The region has been one of the worst affected by the drought, which in turn has been the worst and longest drought in over 40 years.

SANA reported the deaths of seven security personnel in Nawa at the weekend as well as two others in Moadamiya and Homs.

Accusations against the Lebanese Future Movement political bloc have taken a new turn, the London-based Palestinian daily Al-Quds Al-Arabi reports.

Former Lebanese MP Wiam Wahhab claims to be in possession of documents that show Saudi financing of a network of Lebanese politicians and disaffected Syrians which aims to overthrow the government.

Prince Turki bin Abdul Aziz, the Saudi royal allegedly behind the affair, has denied involvement of the Saudi government in Syria’s internal affairs.

Following the most wide-scale violence in Syria since protests began in March, international organisations have been calling for increasing pressure on the government.

The US-based rights organisation Human Rights Watch shifted its position from condemning apparent violent crackdowns on demonstrators, to calling for a UN inquiry and further sanctions from the EU and US, reports the Associated Press.

International pressure on Syria has been publicly mounting in recent weeks in the face of what President al-Assad called a “major conspiracy” against the country.

Meanwhile Syrian lawyers, jurists, ‘human rights activists’ and religious clerics told SANA that excersising freedoms under the new laws cannot include acts of violence, which must be punished under criminal law.

According to a group of lawyers, the abolition of emergency law and the Supreme State Security Court “reflect a commitment to reforms” and “bolster the role of institutions” which has created “an atmosphere of satisfaction” within the judiciary.
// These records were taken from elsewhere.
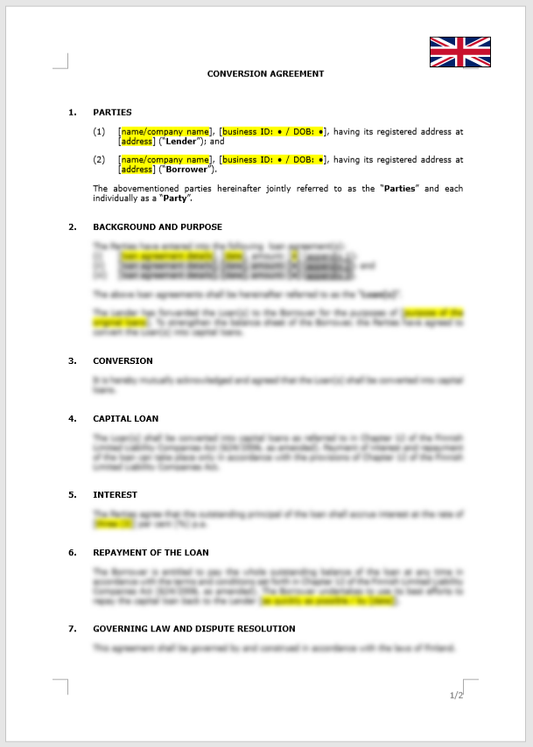 Conversion Agreement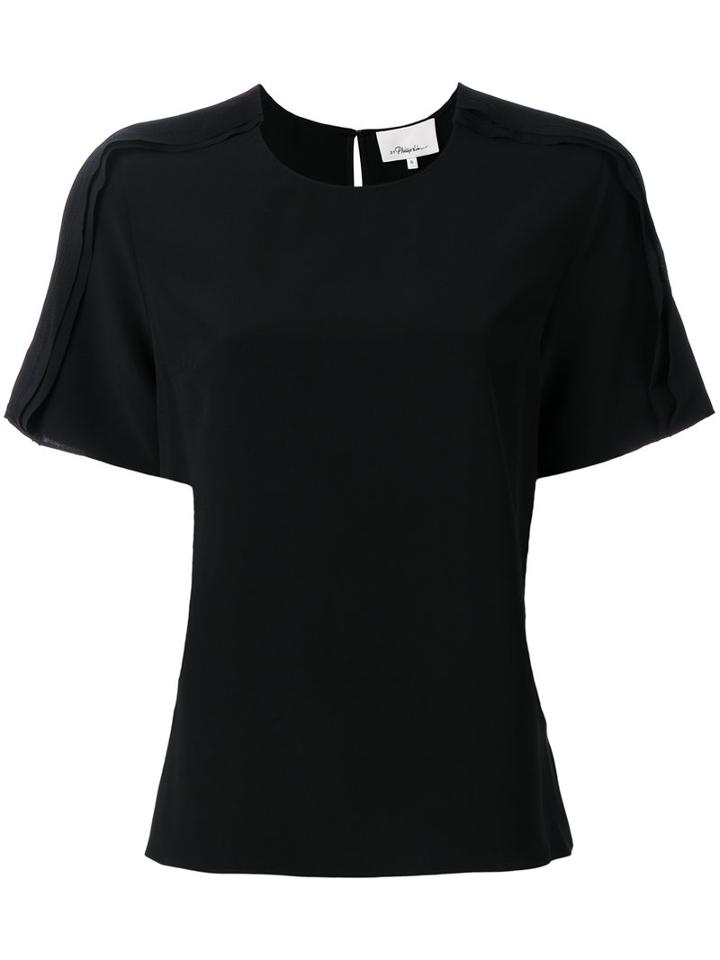 3.1 Phillip Lim Frilled Blouse, Women's, Size: 6, Black, Silk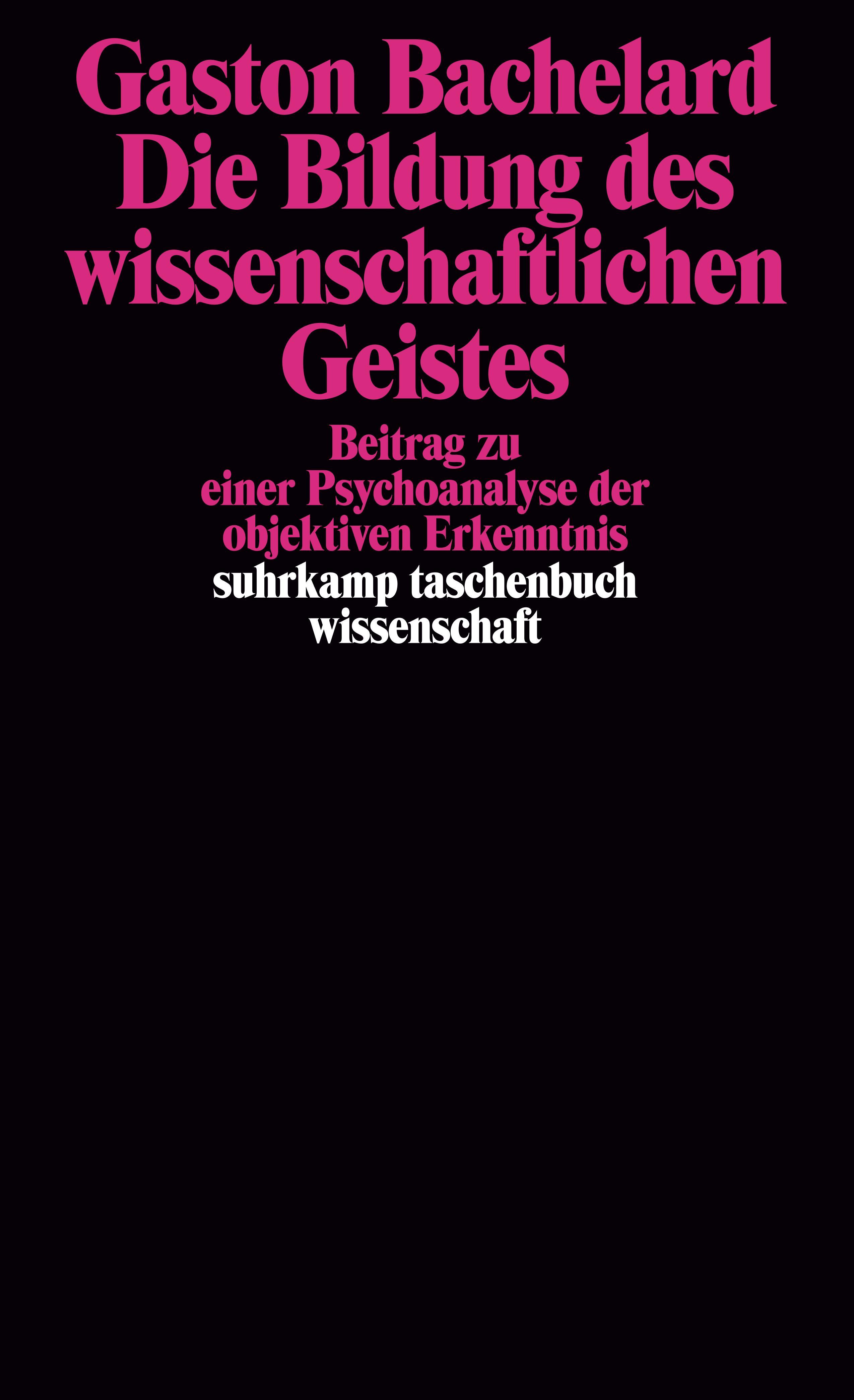 Vorderes Coverbild Die Bildung des wissenschaftlichen Geistes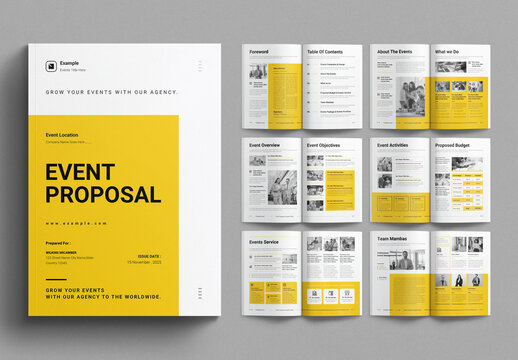 Event Proposal Template Design Layout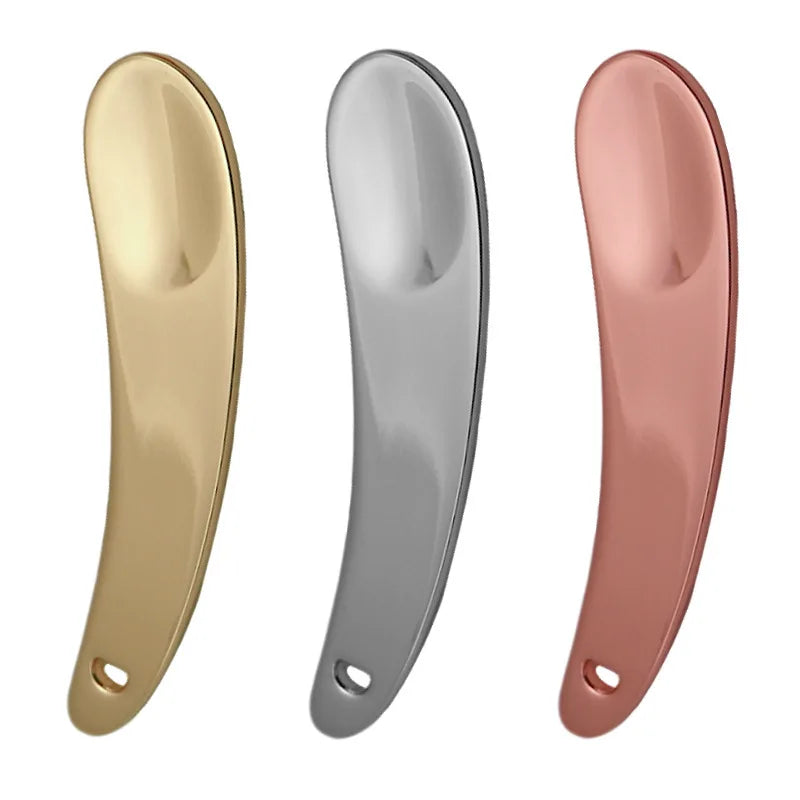 Free Custom Logo Cream Mixing Spatulas Spoon Makeup Cosmetic Tools  Facial Cream Spoon for Eye Cream Metal Cosmetic Spoon Wholes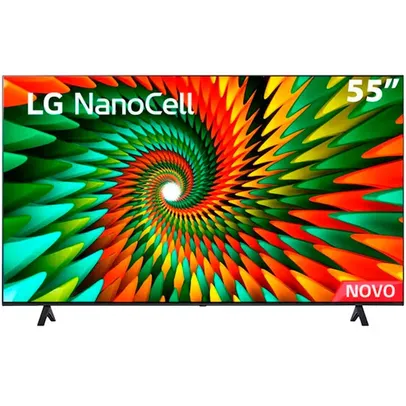 Smart Tv 55 4k Lg Nanocell 55nano77sra Bluetooth, Thinq Ai, Alexa, Google Assistente, Airplay, 3 Hdm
In the past two days “dozens” of people have been reported missing and are suspected detained by the authorities following “Great Friday” – the name given by protesters to last Friday’s demonstrations.

In other news, following repeated calls for national unity by the government and declarations by the ‘local committees’ – groups claiming to represent the protest movement – against sectarian division, Christian leaders renewed calls for unity during Easter celebrations in the capital.

A small protest of around 300 people was held outside the Al-Jazeera news channel’s bureau in Damascus The state news agency quoted a protester saying "al-Jazeera is a kitchen of sedition and a factory of conspiracy."

Tishreen newspaper, and most other Syrian newspapers and TV channels, continue to report that ‘eyewitnesses’ who talk to the foreign media are impersonators whose aim is to broadcast misinformation.

The state-run daily also reported today that the uncle of one of the “martyrs” killed in Jouber said he believes his son was killed by “armed gangs” and not the security forces, as has been reported by Al-Jazeera.